**Supplied records:**
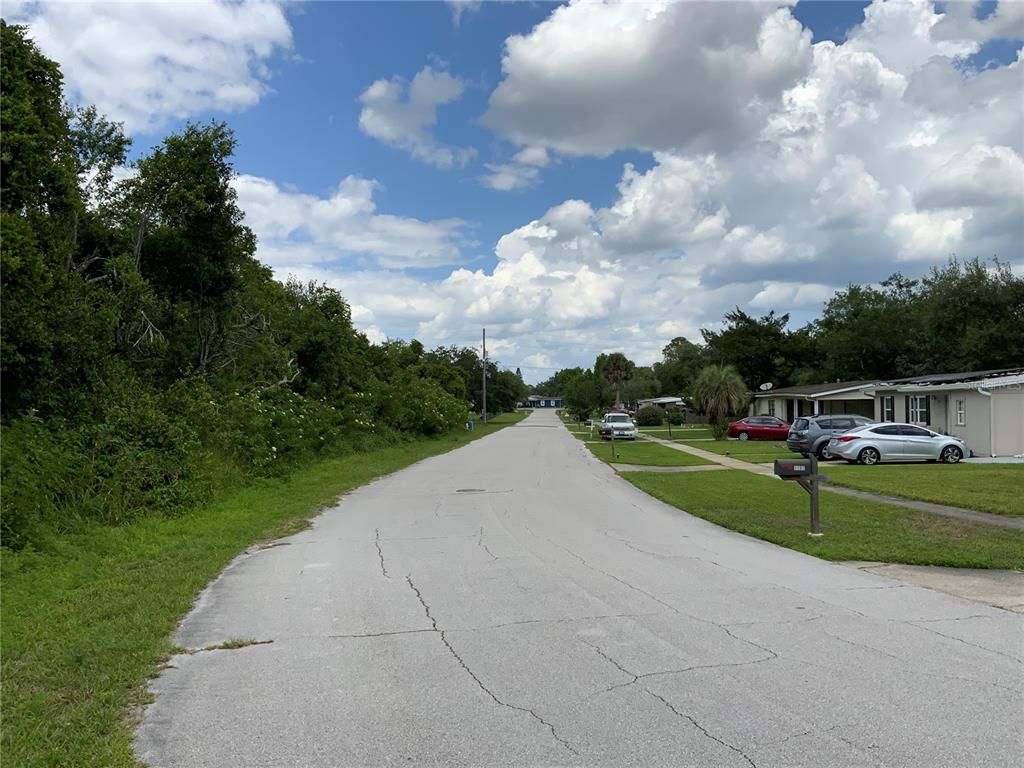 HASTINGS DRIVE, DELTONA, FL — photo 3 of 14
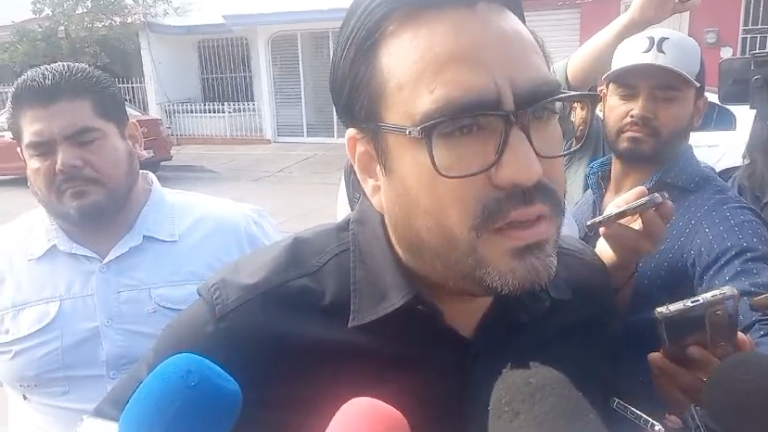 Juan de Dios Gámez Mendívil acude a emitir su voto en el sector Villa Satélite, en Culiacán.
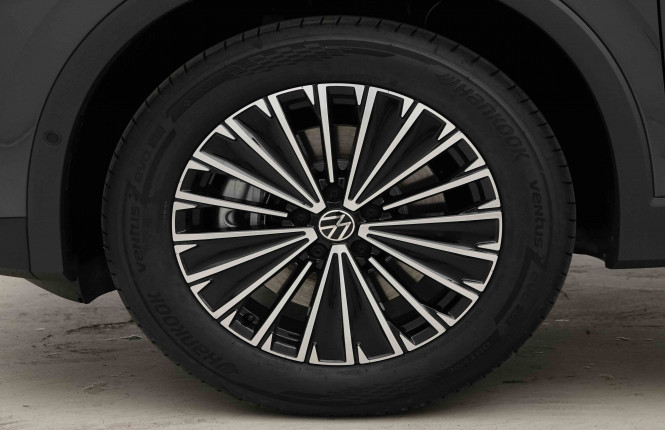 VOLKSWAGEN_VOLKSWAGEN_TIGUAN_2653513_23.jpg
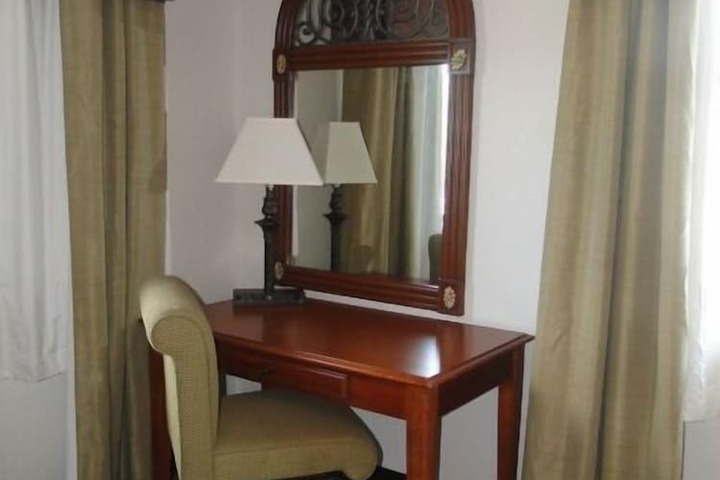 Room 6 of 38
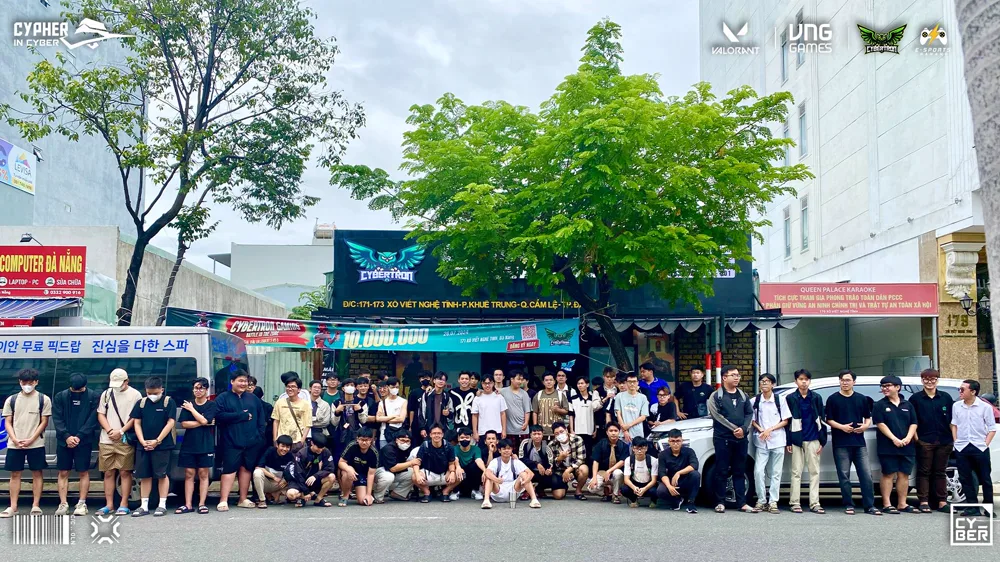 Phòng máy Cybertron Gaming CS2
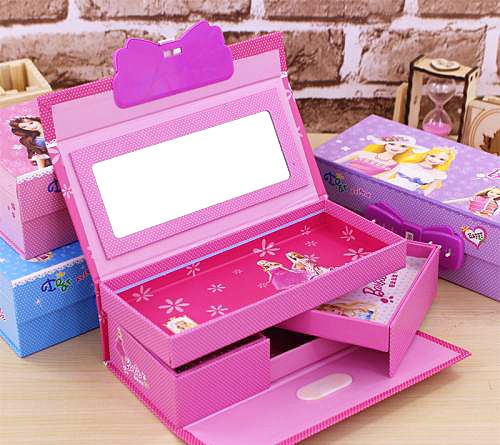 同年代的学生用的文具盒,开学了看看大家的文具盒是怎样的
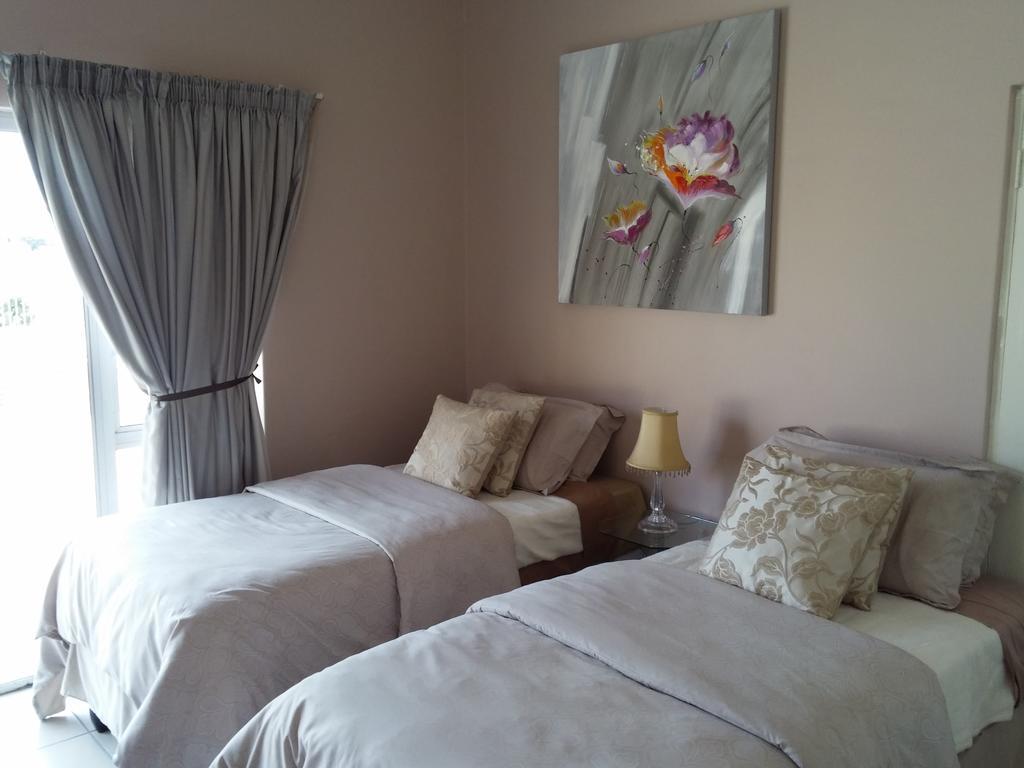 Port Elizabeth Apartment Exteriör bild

**Work required:** Only the lines from the one with "Phòng máy Cybertron Gaming CS2" through the last line of the listing belong in your answer; copy them exactly and skip the pictures.

**Exercise solution:**
 Phòng máy Cybertron Gaming CS2
 同年代的学生用的文具盒,开学了看看大家的文具盒是怎样的
 Port Elizabeth Apartment Exteriör bild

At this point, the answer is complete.